(Reuters) China’s experimental $1.5 million (1.16 million pounds) giveaway of digital yuan to Shenzhen citizens ended on Sunday with acclaim from currency analysts – and skepticism from some users saying they preferred existing shopping tools like the ubiquitous Alipay app.
Under the week-long program, the People’s Bank of China (PBOC) gave 200 yuan ($29.75) to each of 50,000 consumers selected in a lottery in digital “red envelopes”, echoing the country’s traditional way of gifting cash.
The online wallet was accessible via an app, without need for an existing bank account, with payments accepted via smartphone scans in downtown outlets in China’s fourth-biggest city, from luxury goods retailers to snack stores.
The largest such trial to date in the world’s second-largest economy had been hailed by analysts as a step forward for Beijing as it chases what has become a Holy grail among the world’s central banks – the first central bank digital currency.
“The event last week really means that the (digital yuan) has already moved from theoretical internal testing to real world practice,” said Wang Shibin, co-founder of cryptocurrency trading platform HKbitEX.
But this has sparked fears from some overseas observers: if the digital yuan, which operates outside existing financial infrastructure such as Swift, wins international traction, it could undermine U.S. dollar dominance of global payment systems.
The PBOC did not immediately respond to Reuters’ request for comment on how the Shenzhen pilot program went.
Earlier this month, seven central banks including the United States, Britain and Japan, set out key principles for issuing digital currencies.
Raymond Yeung, chief China economist at ANZ, said the digital yuan would have greater effect domestically as by allowing authorities to monitor currency circulation more closely, it would help prevent money laundering. It could also allow more targeted monetary policy, or, in extremis, levying negative interest rates on cash.
He said whether ordinary people would shop with digital yuan rather than mobile phone-based payment platforms like WeChat or Alipay “all comes down to incentives, and which ‘vendor’ gives you more motivation to use it”.
Alipay, operated by an affiliate of e-commerce giant Alibaba Group Holding Ltd, and Tencent Holdings Ltd’s WeChat Pay app dominate the business and have made China one of the world’s most advanced payment markets.
‘LATE START’
In Shenzhen’s Luohu district, more than 3,000 shops from Dolce & Gabbana to supermarkets accepted the digital yuan last week to pay for goods in part or in full using special devices to scan QR codes embedded in a mobile app. It wasn’t immediately clear how much of the total giveaway had been spent, or where.

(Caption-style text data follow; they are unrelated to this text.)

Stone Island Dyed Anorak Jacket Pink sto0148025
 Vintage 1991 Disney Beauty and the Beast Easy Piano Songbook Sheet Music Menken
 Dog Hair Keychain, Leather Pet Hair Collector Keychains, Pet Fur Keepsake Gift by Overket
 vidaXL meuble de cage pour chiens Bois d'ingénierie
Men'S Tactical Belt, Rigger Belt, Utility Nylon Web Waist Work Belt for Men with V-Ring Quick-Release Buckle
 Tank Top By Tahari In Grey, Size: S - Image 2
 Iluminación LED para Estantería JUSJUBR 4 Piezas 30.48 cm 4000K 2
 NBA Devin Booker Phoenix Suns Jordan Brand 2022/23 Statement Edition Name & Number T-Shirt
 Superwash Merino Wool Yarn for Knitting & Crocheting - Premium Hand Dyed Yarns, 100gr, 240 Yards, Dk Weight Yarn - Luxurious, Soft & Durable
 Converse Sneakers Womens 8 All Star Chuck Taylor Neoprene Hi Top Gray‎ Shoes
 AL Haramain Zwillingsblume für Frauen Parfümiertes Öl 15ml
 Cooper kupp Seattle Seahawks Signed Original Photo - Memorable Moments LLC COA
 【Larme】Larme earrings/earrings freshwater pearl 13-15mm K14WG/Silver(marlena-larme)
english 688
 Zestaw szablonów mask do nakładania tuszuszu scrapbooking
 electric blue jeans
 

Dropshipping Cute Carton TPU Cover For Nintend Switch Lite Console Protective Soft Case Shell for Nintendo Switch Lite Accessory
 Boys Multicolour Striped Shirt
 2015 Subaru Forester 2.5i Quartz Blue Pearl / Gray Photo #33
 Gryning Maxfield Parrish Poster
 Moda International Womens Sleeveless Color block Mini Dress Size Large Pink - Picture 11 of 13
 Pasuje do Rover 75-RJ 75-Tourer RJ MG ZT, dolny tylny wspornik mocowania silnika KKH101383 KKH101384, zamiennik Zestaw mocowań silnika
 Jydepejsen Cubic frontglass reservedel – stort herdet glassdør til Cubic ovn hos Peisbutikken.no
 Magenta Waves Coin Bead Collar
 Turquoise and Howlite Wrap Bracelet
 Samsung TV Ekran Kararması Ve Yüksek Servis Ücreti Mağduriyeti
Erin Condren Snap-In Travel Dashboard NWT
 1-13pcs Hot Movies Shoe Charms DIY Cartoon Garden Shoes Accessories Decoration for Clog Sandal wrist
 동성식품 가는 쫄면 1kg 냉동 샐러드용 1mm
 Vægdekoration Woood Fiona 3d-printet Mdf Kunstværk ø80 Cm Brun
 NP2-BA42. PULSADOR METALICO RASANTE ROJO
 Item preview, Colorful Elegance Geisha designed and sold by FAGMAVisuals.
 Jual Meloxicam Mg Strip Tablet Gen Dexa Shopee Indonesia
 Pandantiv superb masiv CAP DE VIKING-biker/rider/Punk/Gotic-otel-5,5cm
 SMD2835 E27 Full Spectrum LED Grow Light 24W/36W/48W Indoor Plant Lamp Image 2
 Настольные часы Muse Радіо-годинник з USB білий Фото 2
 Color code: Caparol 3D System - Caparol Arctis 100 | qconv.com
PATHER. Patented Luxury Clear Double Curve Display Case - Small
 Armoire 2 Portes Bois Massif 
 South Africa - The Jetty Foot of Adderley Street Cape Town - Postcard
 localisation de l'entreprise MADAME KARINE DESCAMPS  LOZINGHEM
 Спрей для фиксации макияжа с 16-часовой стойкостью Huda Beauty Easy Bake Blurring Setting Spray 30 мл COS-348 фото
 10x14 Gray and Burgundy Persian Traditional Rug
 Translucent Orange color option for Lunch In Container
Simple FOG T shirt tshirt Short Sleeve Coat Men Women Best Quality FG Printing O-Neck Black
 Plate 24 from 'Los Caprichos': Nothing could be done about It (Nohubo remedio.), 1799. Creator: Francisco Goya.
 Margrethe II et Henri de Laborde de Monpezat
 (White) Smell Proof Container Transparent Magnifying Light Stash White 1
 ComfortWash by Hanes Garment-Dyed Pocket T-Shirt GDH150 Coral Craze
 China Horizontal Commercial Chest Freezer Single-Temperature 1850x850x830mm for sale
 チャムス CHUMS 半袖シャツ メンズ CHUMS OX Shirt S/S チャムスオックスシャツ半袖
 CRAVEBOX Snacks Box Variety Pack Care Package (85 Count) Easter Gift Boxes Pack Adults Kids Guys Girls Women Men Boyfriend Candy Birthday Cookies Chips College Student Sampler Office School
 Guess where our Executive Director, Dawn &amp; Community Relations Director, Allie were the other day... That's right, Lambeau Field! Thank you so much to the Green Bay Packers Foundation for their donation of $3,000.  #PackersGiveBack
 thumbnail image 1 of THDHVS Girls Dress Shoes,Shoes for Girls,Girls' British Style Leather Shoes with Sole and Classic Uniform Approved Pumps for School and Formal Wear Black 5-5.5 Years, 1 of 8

Sceptical reactions among some Shenzhen recipients of the giveaway – long used to scanning phones to pay for goods with other systems – showed the central bank and government have work to do in convincing consumers of the benefits of a central bank-backed digital yuan.
“Alipay and WeChat Pay have been out for a long time,” said a shopper who gave only her surname, Zhong. “The new digital currency is similar to those so it’s quite late to just start the trial,” said Zhong, who said she was an accountant.
Zhong said she might consider switch to the new currency in the future, depending on how convenient and secure it felt.
Attracting users will largely depend on incentives to lure customers from Alipay or WeChat Pay, already used to buy everything from basic goods to complex financial products, say analysts.
“It’s especially important to offer convenience and other benefits to promote the use of digital yuan,” said G. Bin Zhao, senior economist at PwC China.
Beijing may bundle it with subsidies, pension accounts, or state sector paychecks, he says, but “for digital yuan to be popularly accepted, banks and other institutions need to invest heavily in applications, marketing and education.”
Another downtown Shenzhen user of the online wallet, who gave her surname as Yuan, echoed that notion, saying spending her digital currency gift was less convenient than existing options.
“I’m not planning on using it again,” said Yuan, who said she works in finance. “Unless there is another red envelope, of course.”